---------- Dataset ----------

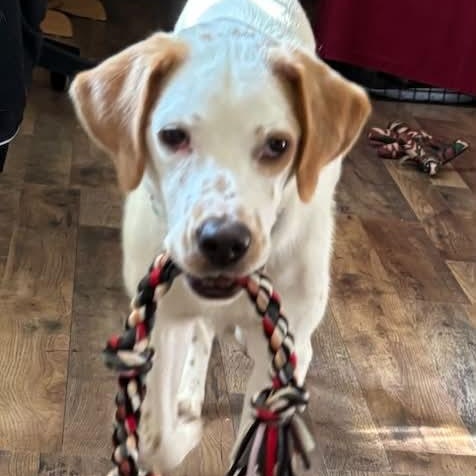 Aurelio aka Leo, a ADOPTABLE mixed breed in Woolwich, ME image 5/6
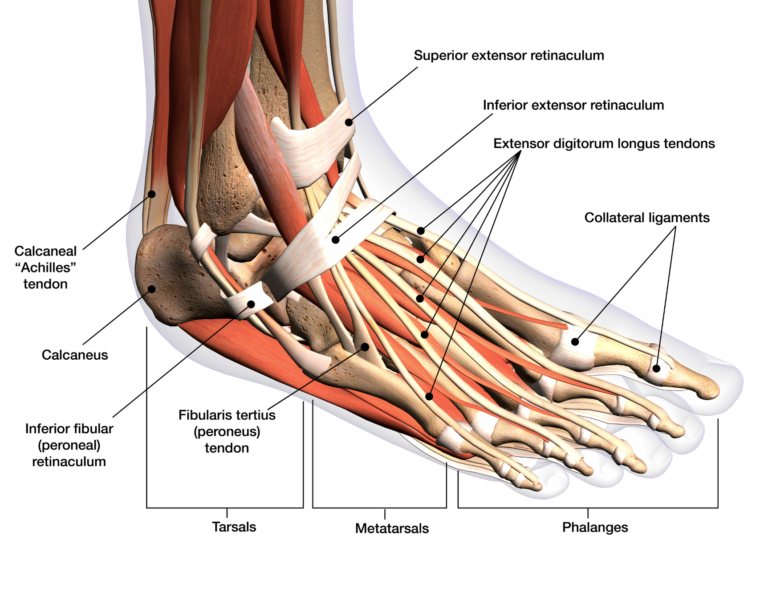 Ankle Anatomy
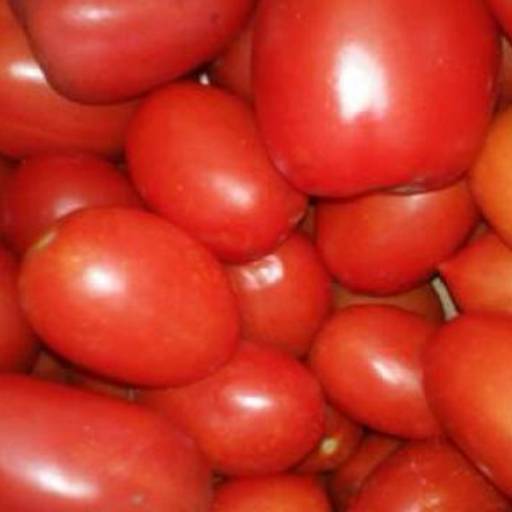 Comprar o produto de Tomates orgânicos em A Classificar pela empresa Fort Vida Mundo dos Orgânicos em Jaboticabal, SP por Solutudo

----------
---------- Dataset ----------

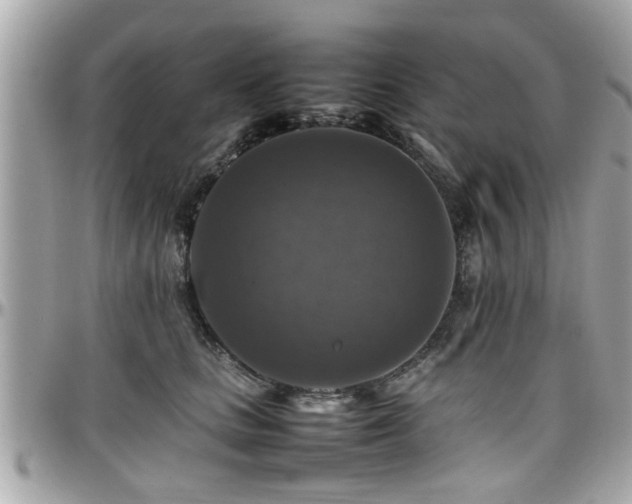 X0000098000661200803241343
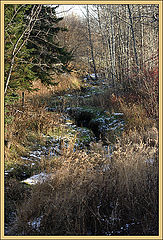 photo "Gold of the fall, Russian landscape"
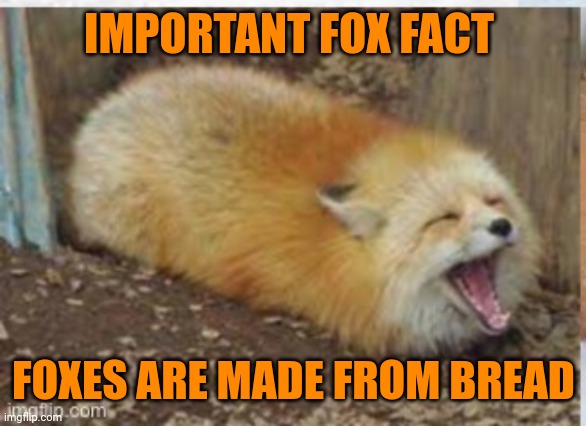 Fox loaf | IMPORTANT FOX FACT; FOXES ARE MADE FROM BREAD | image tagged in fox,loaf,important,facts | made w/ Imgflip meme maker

----------

Now transcribe the lines above exactly, starting at the line containing "Ankle Anatomy" and ending at the line containing "Comprar o produto", both lines included, pictures excluded.

# Answer
 Ankle Anatomy
 Comprar o produto de Tomates orgânicos em A Classificar pela empresa Fort Vida Mundo dos Orgânicos em Jaboticabal, SP por Solutudo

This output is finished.